Death of a terrorist: On the death of Abu Ibrahim al-Hashimi al-Qurayshi

The death of Abu Ibrahim al-Hashimi al-Qurayshi, the leader of the Islamic State (IS), has come at a time when the terrorist outfit has been trying to revive its fortunes in Iraq and Syria, its core region. A few weeks earlier, IS militants had carried out an ambitious attack — their largest since the death of Abu Bakr al-Baghdadi, IS founder, in 2019 — on a prison in northeastern Syria’s Hasakah, to free thousands of jihadists. But it was a failure as American soldiers joined the Syrian Democratic Forces (SDF), a Kurdish militia, to push back the militants.
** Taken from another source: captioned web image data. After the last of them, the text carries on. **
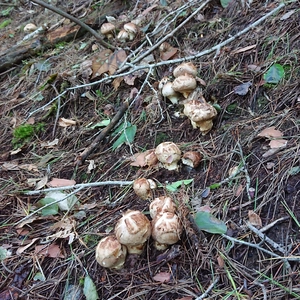 岩手三陸産 松茸300g(通常どおり)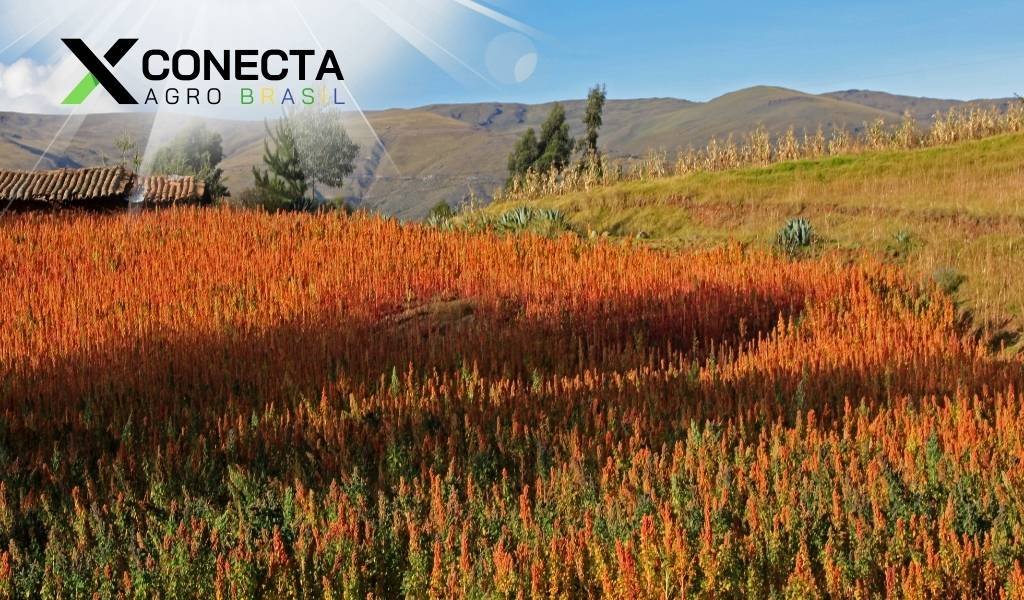 Nutrição da Quinoa: Adubação Natural para o Crescimento - inspiração 1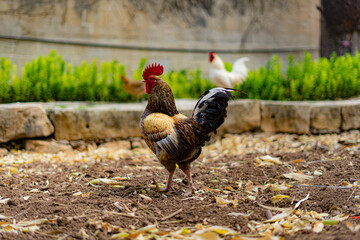 rooster in the grass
Qurayshi blew himself up along with his family, like his predecessor did three years ago, when U.S. special forces approached his hideout in Idlib, the province controlled by jihadists linked with al Qaeda. When he became the IS chief, the entity had transformed itself from a ‘Caliphate’, with control over some key cities in Iraq and Syria, into an underground insurgency with global branches. Under Qurayshi, the IS continued to operate like a loose confederation of autonomous networks. Its Afghan and West African branches expanded operations, while in Iraq and Syria, it staged occasional attacks — a reminder that it is only the physical Caliphate that has been destroyed.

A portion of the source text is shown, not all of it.